[Short text fragments from websites]

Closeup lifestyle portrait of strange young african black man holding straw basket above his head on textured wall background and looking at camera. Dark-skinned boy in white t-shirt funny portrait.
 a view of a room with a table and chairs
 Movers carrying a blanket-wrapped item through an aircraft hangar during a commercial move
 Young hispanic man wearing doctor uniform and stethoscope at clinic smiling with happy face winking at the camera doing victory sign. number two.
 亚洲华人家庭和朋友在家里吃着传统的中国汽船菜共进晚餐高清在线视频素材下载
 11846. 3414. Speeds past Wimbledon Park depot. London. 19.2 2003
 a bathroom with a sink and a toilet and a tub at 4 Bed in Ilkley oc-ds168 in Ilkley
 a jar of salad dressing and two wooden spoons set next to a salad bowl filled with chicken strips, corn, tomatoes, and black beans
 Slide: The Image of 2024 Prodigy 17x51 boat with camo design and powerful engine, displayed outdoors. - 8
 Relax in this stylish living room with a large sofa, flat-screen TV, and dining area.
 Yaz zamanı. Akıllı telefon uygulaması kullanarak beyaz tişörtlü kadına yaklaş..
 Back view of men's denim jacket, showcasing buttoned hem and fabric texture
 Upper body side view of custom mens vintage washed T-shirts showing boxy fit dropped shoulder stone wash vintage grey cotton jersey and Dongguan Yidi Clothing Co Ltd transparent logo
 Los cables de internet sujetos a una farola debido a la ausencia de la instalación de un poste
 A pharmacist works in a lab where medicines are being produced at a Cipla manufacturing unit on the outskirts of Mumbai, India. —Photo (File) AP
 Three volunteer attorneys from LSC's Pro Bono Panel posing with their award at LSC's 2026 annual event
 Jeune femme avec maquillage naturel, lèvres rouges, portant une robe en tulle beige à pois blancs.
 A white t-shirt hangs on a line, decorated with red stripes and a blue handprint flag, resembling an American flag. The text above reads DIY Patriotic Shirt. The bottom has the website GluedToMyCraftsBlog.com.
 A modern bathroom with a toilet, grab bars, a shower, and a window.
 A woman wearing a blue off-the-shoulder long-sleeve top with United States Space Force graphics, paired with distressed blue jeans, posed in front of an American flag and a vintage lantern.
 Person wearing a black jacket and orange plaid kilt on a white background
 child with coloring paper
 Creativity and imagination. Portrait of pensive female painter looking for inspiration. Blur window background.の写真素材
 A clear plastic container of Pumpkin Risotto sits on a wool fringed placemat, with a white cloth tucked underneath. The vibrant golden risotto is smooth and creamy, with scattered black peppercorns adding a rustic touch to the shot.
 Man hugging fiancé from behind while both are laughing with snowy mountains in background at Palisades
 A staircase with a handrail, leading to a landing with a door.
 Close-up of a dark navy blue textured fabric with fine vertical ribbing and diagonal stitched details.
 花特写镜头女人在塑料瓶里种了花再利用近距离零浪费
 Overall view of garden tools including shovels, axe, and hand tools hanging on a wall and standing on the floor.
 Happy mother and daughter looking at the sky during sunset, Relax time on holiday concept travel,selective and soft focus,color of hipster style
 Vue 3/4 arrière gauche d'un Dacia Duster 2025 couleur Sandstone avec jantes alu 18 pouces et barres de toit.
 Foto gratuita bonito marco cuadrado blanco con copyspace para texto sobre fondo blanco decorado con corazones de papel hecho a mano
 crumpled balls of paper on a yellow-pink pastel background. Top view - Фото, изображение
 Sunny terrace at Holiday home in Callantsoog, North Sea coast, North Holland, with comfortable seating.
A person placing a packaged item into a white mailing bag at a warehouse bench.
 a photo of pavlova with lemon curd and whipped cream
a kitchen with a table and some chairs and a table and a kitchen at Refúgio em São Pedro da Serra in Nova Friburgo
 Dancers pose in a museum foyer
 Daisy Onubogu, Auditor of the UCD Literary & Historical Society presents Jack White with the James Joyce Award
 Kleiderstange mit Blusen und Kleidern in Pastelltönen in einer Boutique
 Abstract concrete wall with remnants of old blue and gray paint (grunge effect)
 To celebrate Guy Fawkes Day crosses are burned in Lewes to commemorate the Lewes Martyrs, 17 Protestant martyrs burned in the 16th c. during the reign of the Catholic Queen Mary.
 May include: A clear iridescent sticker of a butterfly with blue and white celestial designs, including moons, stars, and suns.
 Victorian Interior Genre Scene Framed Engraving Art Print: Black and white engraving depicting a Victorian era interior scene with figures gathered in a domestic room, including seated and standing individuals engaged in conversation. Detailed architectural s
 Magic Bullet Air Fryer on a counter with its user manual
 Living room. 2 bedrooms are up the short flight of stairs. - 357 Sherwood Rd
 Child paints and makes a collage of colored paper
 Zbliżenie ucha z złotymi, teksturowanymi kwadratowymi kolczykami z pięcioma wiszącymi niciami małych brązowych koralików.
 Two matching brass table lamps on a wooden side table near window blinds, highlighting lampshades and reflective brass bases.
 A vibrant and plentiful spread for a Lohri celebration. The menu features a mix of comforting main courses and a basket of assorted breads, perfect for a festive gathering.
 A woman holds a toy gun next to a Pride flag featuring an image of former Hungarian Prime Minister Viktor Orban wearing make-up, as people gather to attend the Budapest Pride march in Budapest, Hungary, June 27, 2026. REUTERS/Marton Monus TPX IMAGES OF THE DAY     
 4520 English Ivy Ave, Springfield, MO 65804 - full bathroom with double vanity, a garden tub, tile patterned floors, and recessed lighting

→ Action item
Which lines of the data include the string "vintage"? Copy each of them.

→ Answer to this exercise
 Upper body side view of custom mens vintage washed T-shirts showing boxy fit dropped shoulder stone wash vintage grey cotton jersey and Dongguan Yidi Clothing Co Ltd transparent logo
 A woman wearing a blue off-the-shoulder long-sleeve top with United States Space Force graphics, paired with distressed blue jeans, posed in front of an American flag and a vintage lantern.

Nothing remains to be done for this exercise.